_Material provided:_
##############################
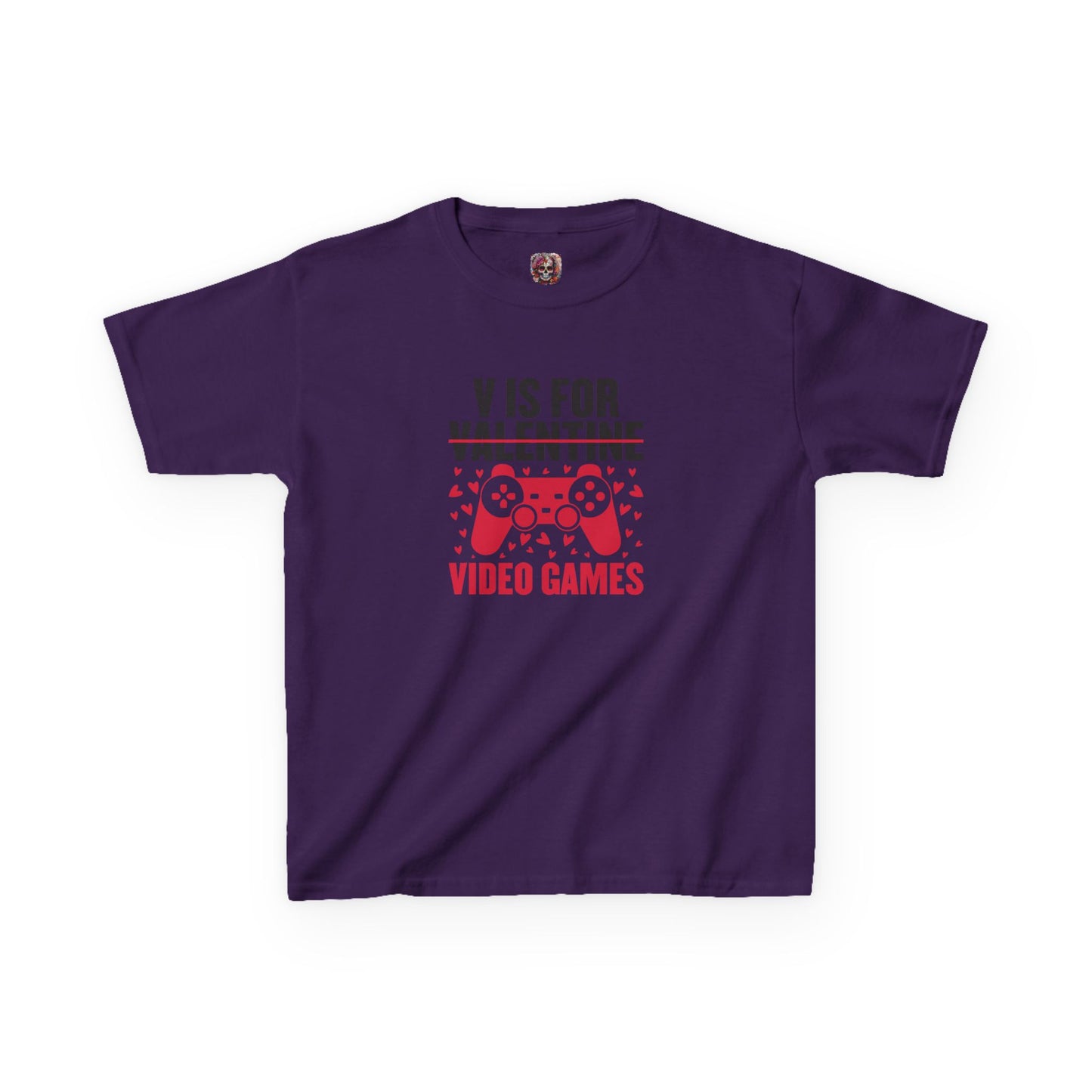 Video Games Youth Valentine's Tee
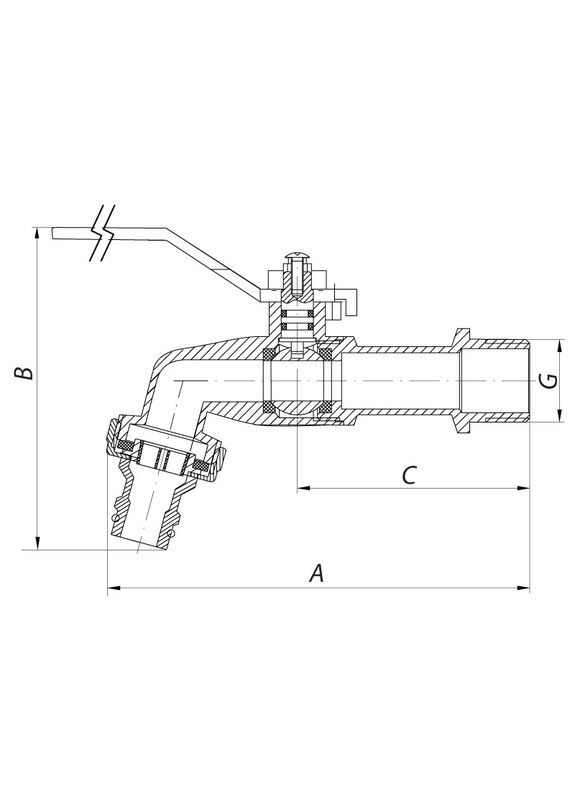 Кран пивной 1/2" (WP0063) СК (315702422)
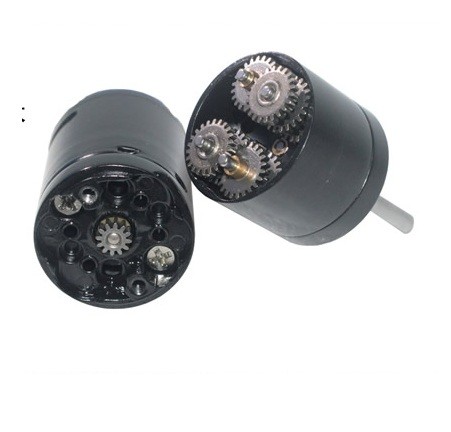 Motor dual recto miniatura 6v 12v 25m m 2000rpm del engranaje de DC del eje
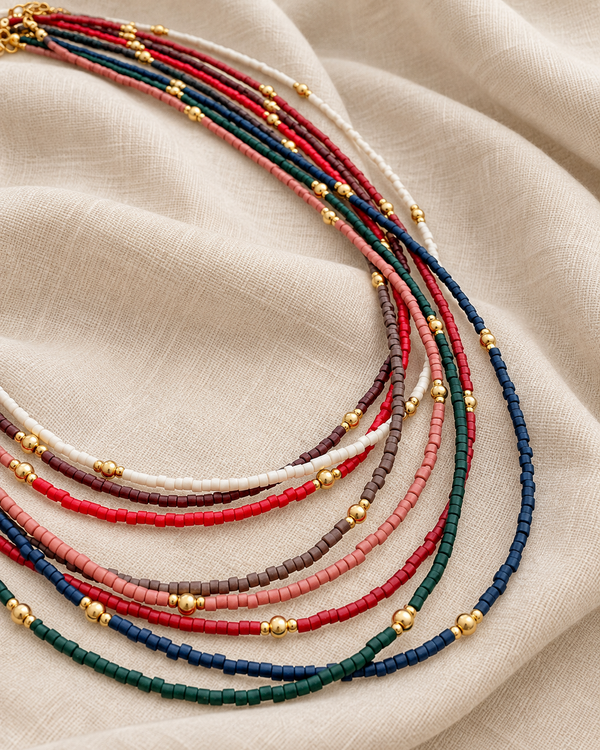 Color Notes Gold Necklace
##############################
_What to work on:_ Quote the material in full and exactly; do not carry over its pictures.

_Response for this exercise:_
 Video Games Youth Valentine's Tee
 Кран пивной 1/2" (WP0063) СК (315702422)
 Motor dual recto miniatura 6v 12v 25m m 2000rpm del engranaje de DC del eje
 Color Notes Gold Necklace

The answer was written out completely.